第76話
「仇だと……? デイビッド・ブラックストーン……ッ!!」
――少し離れたところに、その男は立っていた。
あいつも吸血鬼を殺したのだろう。そこから流れた力場を追って、ここに辿り着いたのだ。
そして、死に行くゾルダンの遺体から何かを奪い取った。至近にいた俺にしか気づかないような何かを。
「……おいおい、何を怒っているんだ? ロバート」
近づいた俺に対し、警戒しているデイビッド。
彼の戦闘力の高さはよく知っている。ヴァン・デアトルに対して行っていたナイフと糸での戦法は本当に凄まじかった。
しかし、思えばあれが既におかしいんだ。あんな芸当、ただの人間にできるはずがない。
そして今、ジェーニャの胸に穴を開けたのも同じ技術だろう。……目的にも察しがついた、何を奪ったのかにも。

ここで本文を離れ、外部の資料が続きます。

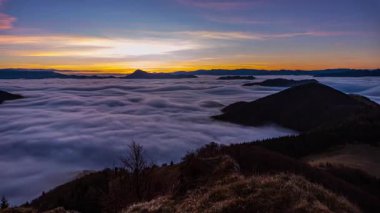 Güneşin doğuşunun güzel ışığı vahşi sisli doğada, sonbahar sabahı dağlık vadide sisli bulutlar ile birlikte. Zaman aşımı, yukarı doğru eğilim, gece gündüz 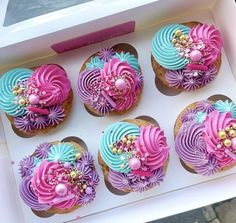 six decorated cupcakes sitting in a box on the ground with pink, blue and purple frosting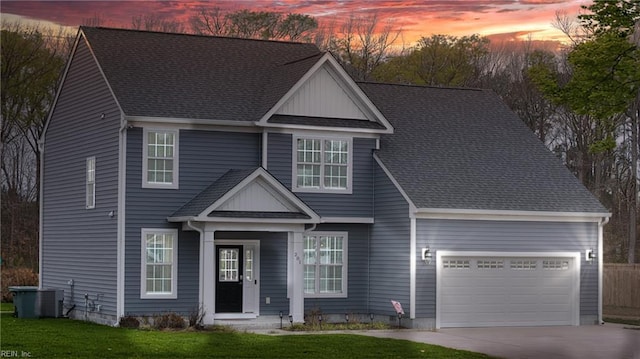 traditional home with concrete driveway, a shingled roof, an attached garage, and cooling unit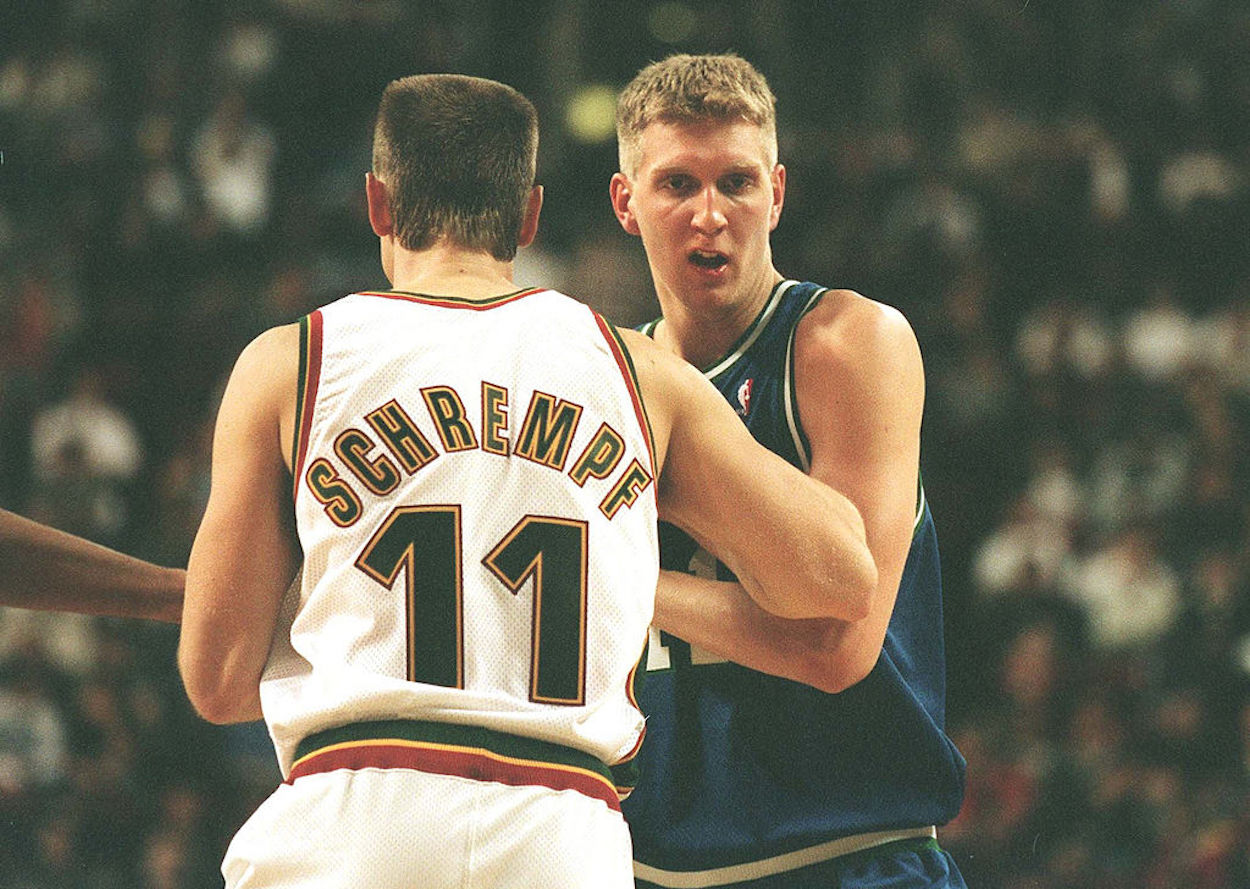 Detlef Schrempf (L) and Dirk Nowitzki (R) during an NBA game.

「怒らないわけがないだろう。お前は今、死に行くものの尊厳を傷つけた。
それも仇討ちが目的なんかじゃない。お前、奪ったな――? ゾルダンの血を」
デイビッドの漆黒の瞳がこちらを見つめている。
「まさか。どうして俺がそんなものを奪わなきゃいけない? それにどうやったって言うんだ? これだけ離れていて」
「……お前、魔術師だろ?」
間髪入れずに、水の刃を放つ。その首元に向けた脅しだ。
実際に切断するつもりなどないが、さぁ、これでどう動く?デイビッド・ブラックストーン……!!
「――ダメだな、ロバート。脅しの腕は零点だ」
そう言いながら、こちらの水の刃を切り取ったかのように、消し飛ばすデイビッド。
「零点の脅しに乗るお前はいったい何なんだ? デイビッドさんよ」
魔術師同士の間合いとしては、既に近すぎる距離。
その中で互いに次の一手を打たない。
下手に先手を取ったら、それを逆手に取られて一気に勝負がつくような、そんな感覚があった。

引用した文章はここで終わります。